:: Exercise ::
All of the entries should be restated word for word, but without their pictures.

:: The input ::
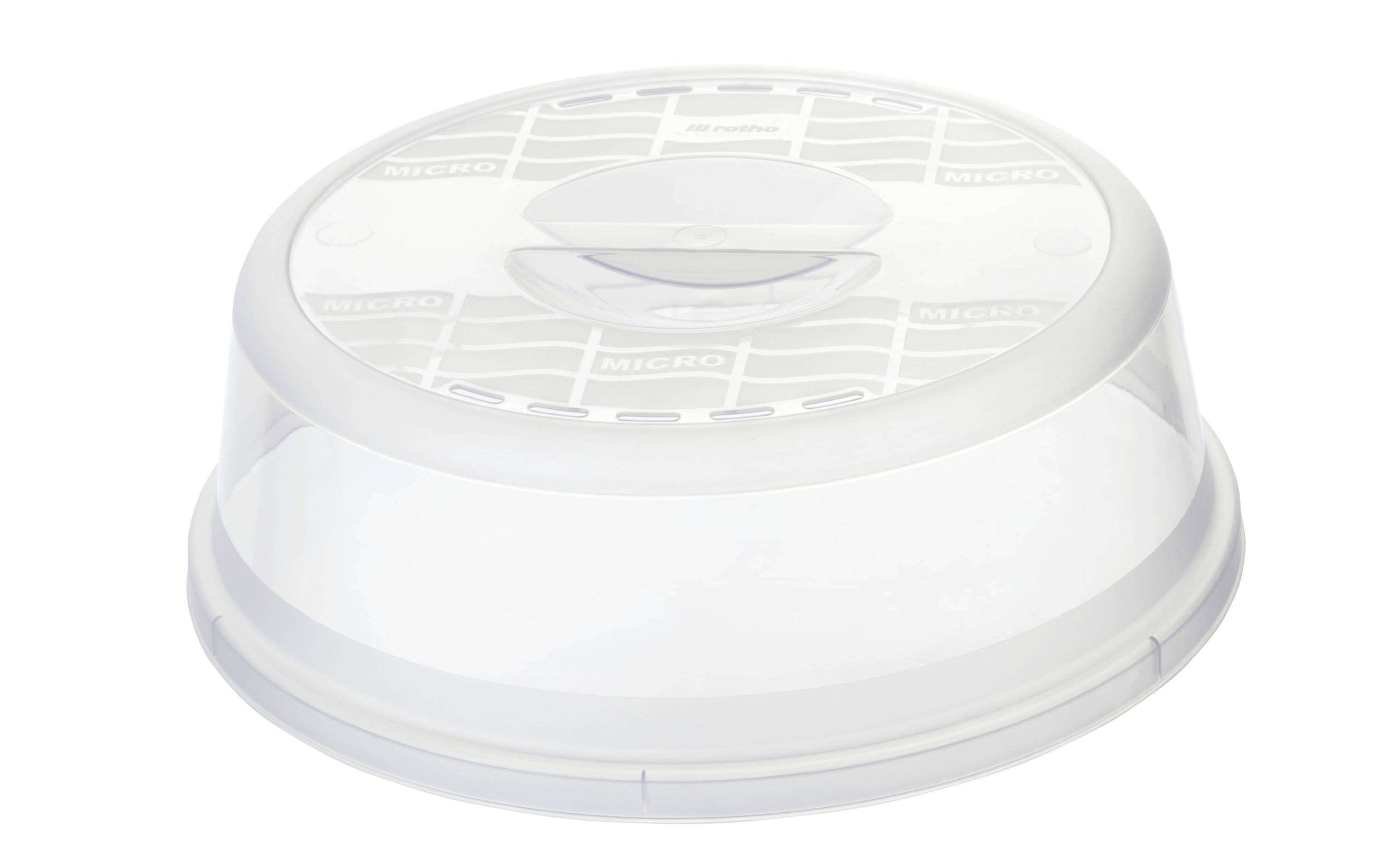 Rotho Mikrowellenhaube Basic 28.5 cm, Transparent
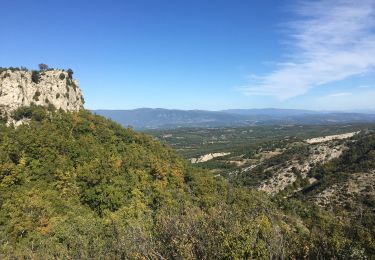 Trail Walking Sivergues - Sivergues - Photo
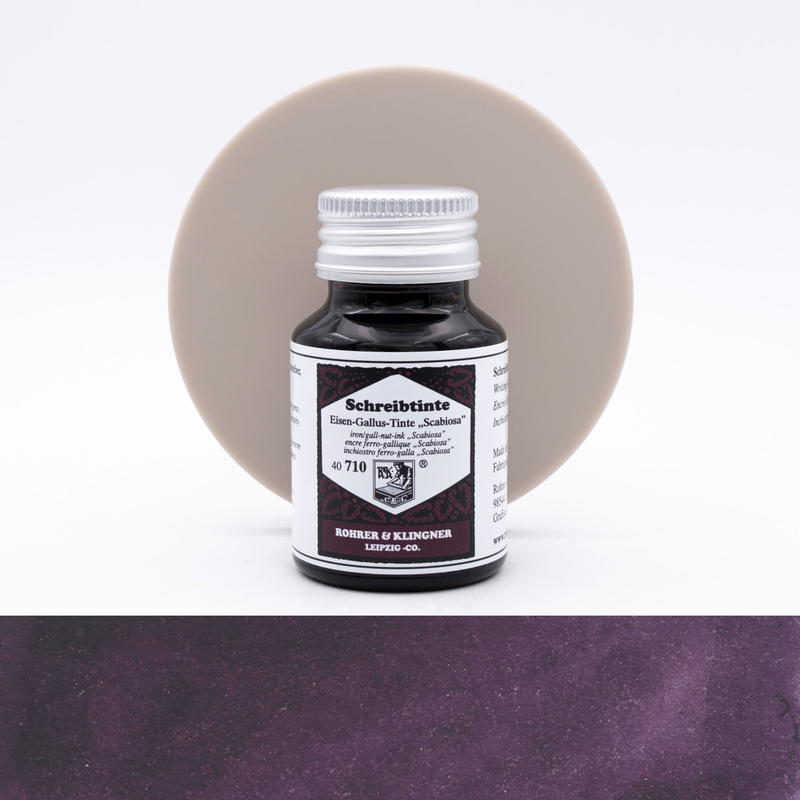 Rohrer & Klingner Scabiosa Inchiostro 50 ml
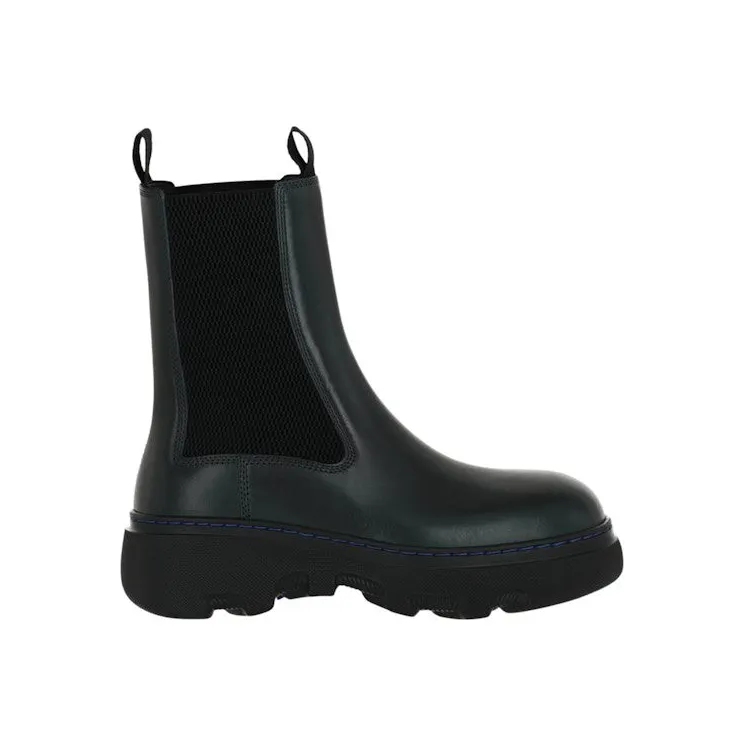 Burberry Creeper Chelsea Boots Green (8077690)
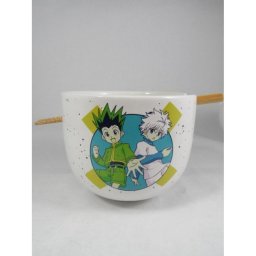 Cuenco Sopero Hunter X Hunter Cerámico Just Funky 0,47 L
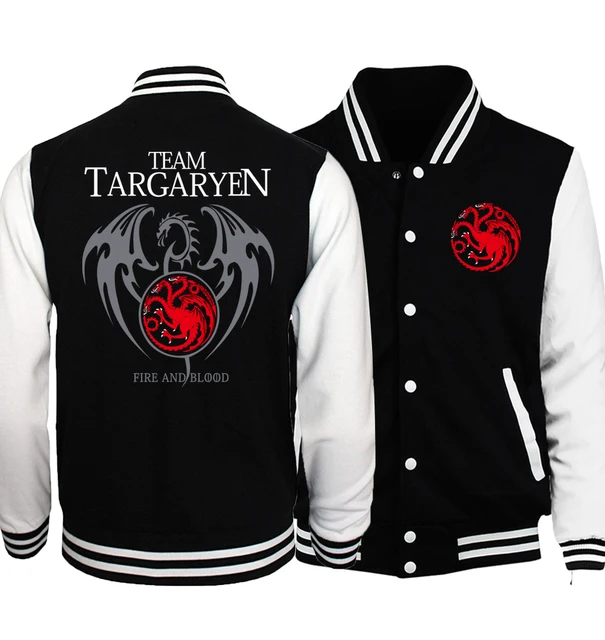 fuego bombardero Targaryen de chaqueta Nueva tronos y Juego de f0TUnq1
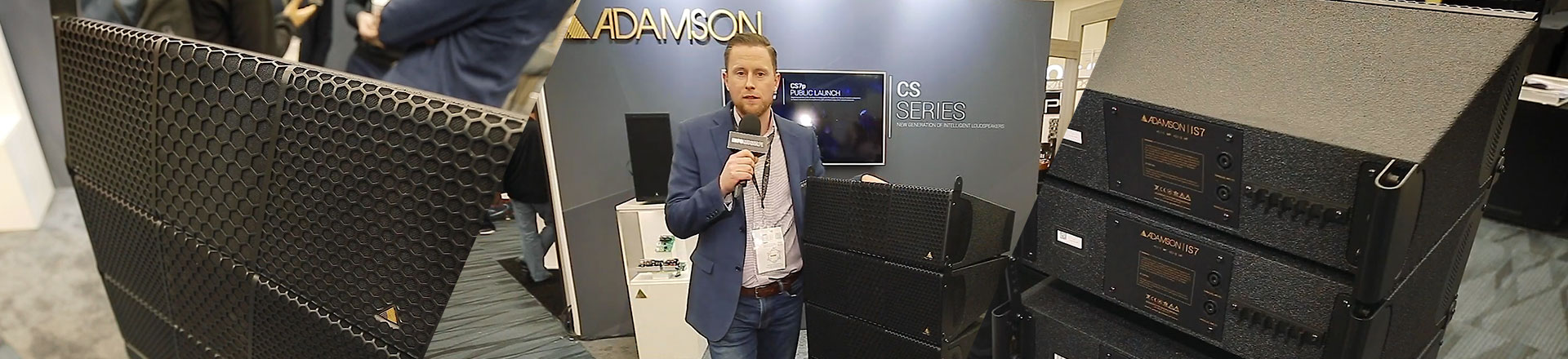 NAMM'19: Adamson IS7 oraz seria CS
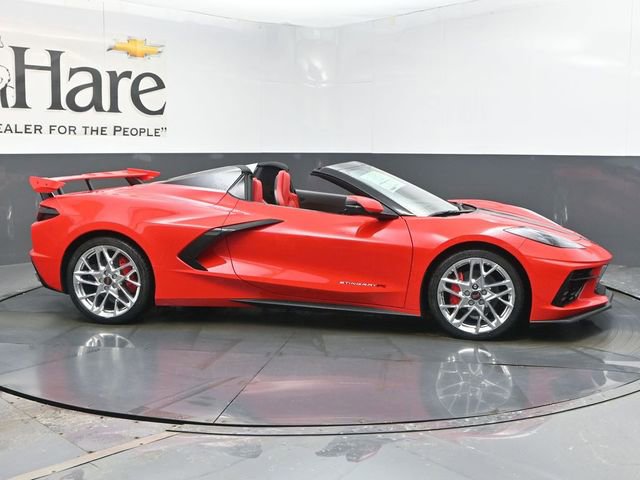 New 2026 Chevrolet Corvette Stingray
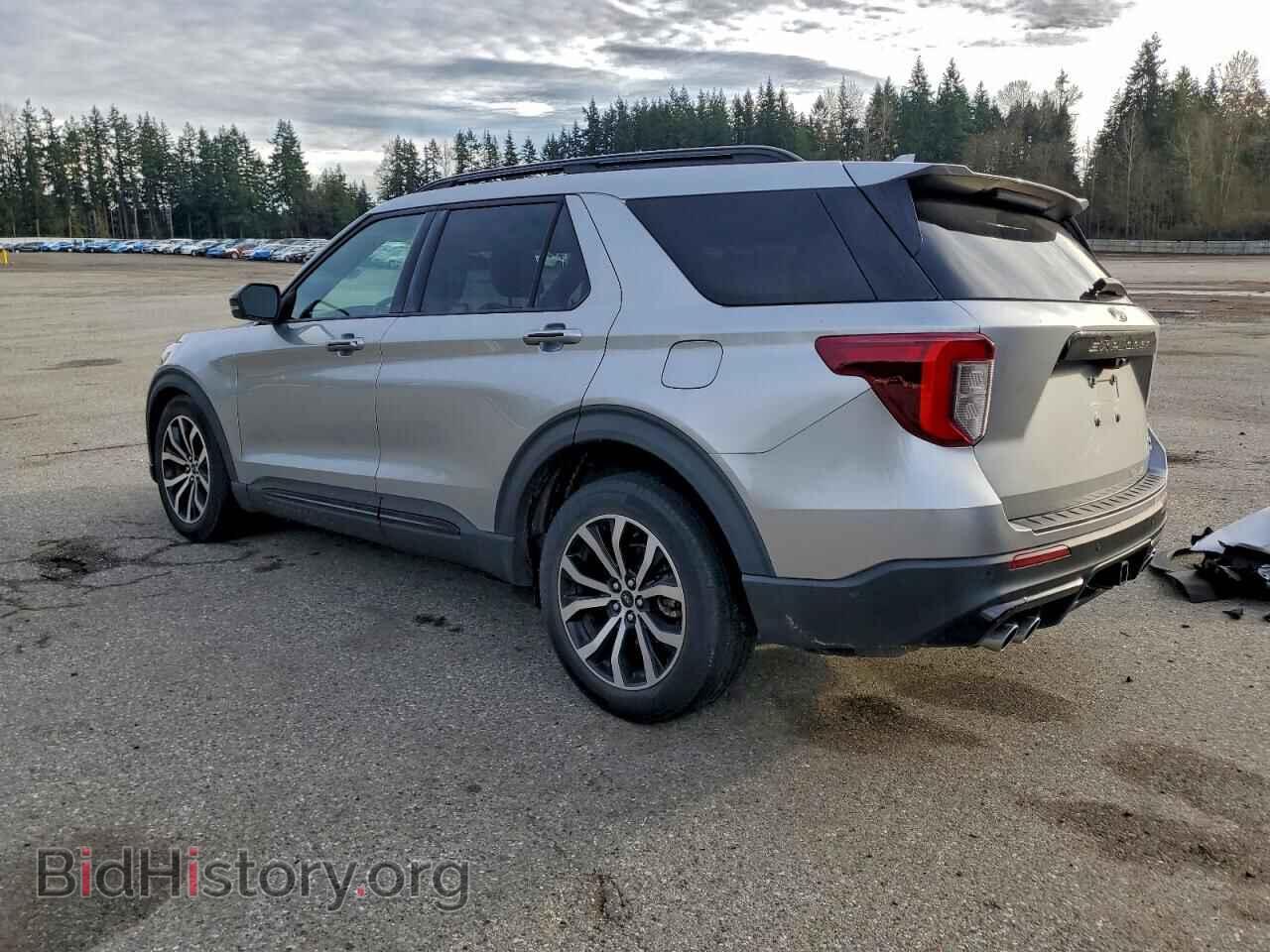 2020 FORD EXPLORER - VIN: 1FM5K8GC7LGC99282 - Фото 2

:: Your response ::
 Rotho Mikrowellenhaube Basic 28.5 cm, Transparent
 Trail Walking Sivergues - Sivergues - Photo
 Rohrer & Klingner Scabiosa Inchiostro 50 ml
 Burberry Creeper Chelsea Boots Green (8077690)
 Cuenco Sopero Hunter X Hunter Cerámico Just Funky 0,47 L
 fuego bombardero Targaryen de chaqueta Nueva tronos y Juego de f0TUnq1
 NAMM'19: Adamson IS7 oraz seria CS
 New 2026 Chevrolet Corvette Stingray
 2020 FORD EXPLORER - VIN: 1FM5K8GC7LGC99282 - Фото 2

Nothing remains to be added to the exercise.